Note that it is assumed that one Turbo symbol implies num_bitstreams bits.

Outputs:

turbo_term_syms – Total number of termination symbols for the Turbo Code. One symbol equals num_bitstreams bits.

Examples

from sionna.phy.fec.turbo import TurboTermination

term = TurboTermination(constraint_length=4, conv_n=2)
num_term_syms = term.get_num_term_syms()
print(num_term_syms)
# 4
termbits_conv2turbo(term_bits1: torch.Tensor, term_bits2: torch.Tensor) torch.Tensor[source]#

Merges termination bit streams from the two convolutional encoders to a bit stream corresponding to the Turbo codeword.

Let term_bits1 and term_bits2 be:

\([x_1(K), z_1(K), x_1(K+1), z_1(K+1),..., x_1(K+\mu-1),z_1(K+\mu-1)]\)

\([x_2(K), z_2(K), x_2(K+1), z_2(K+1),..., x_2(K+\mu-1), z_2(K+\mu-1)]\)

where \(x_i, z_i\) are the systematic and parity bit streams respectively for a rate-1/2 convolutional encoder i, for i = 1, 2.

In the example output below, we assume \(\mu=4\) to demonstrate zero padding at the end.
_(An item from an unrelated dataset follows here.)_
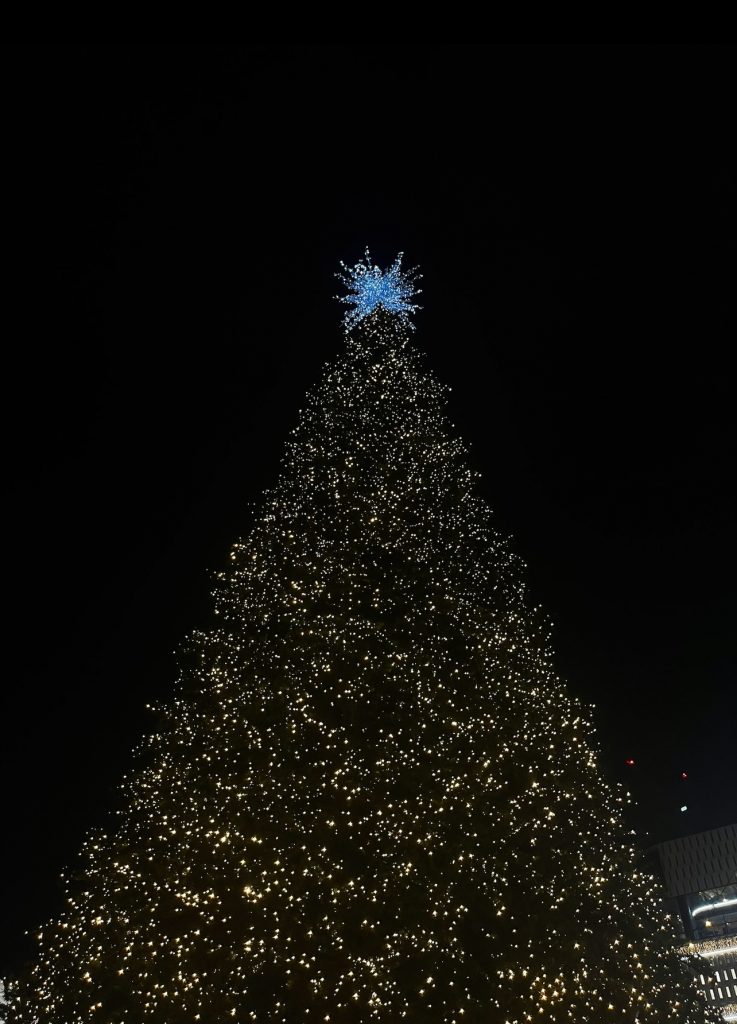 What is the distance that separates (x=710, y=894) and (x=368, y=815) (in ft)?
50.1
Zero padding is done such that the total length is divisible by num_bitstreams (defaults to 3) which is the number of Turbo bit streams.

Assume num_bitstreams = 3. Then number of termination symbols for the TurboEncoder is \(\lceil \frac{2 \cdot conv\_n \cdot \mu}{3} \rceil\):

\([x_1(K), z_1(K), x_1(K+1)]\)

\([z_1(K+1), x_1(K+2), z_1(K+2)]\)

\([x_1(K+3), z_1(K+3), x_2(K)]\)

\([z_2(K), x_2(K+1), z_2(K+1)]\)

\([x_2(K+2), z_2(K+2), x_2(K+3)]\)

\([z_2(K+3), 0, 0]\)

Therefore, the output from this method is a single dimension vector where all Turbo symbols are concatenated together.
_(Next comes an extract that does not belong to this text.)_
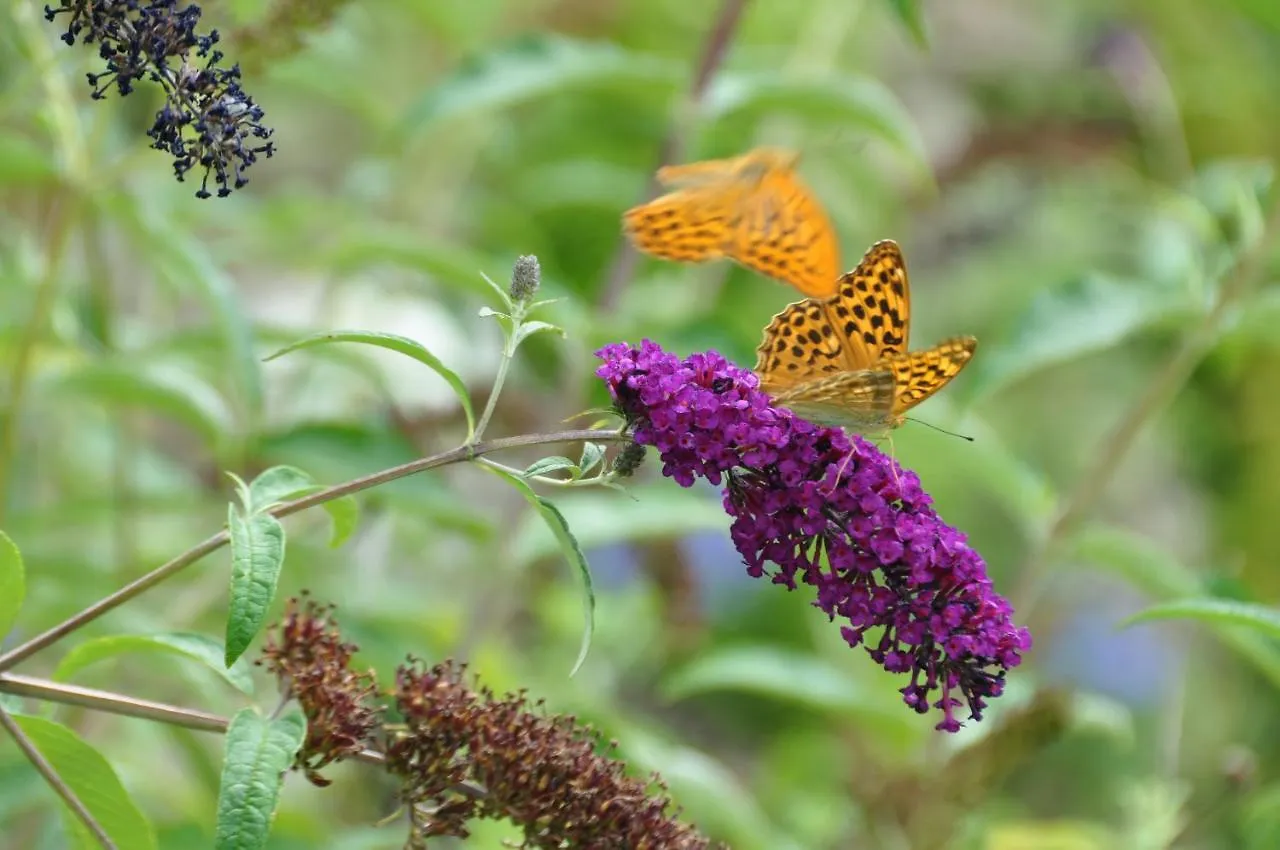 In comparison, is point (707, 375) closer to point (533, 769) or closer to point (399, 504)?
point (533, 769)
\([x_1(K), z_1(K), x_1(K+1), z_1(K+1), x_1(K+2), z_1(K+2), x_1(K+3),\)

\(z_1(K+3), x_2(K), z_2(K), x_2(K+1), z_2(K+1), x_2(K+2), z_2(K+2),\)

\(x_2(K+3), z_2(K+3), 0, 0]\)

Parameters:

  • term_bits1 (torch.Tensor) – 2+D tensor containing termination bits from convolutional encoder 1.

  • term_bits2 (torch.Tensor) – 2+D tensor containing termination bits from convolutional encoder 2.

Outputs:

term_bits – Tensor of termination bits. The output is obtained by concatenating the inputs and then adding right zero-padding if needed.

Examples

import torch
from sionna.phy.fec.turbo import TurboTermination

term = TurboTermination(constraint_length=4, conv_n=2)
term_bits1 = torch.randint(0, 2, (10, 6), dtype=torch.int32)
term_bits2 = torch.randint(0, 2, (10, 6), dtype=torch.int32)
result = term.termbits_conv2turbo(term_bits1, term_bits2)
print(result.shape)
# torch.Size([10, 12])
term_bits_turbo2conv(term_bits: torch.Tensor) tuple[torch.Tensor, torch.Tensor][source]#

Splits the termination symbols from a Turbo codeword to the termination symbols corresponding to the two convolutional encoders, respectively.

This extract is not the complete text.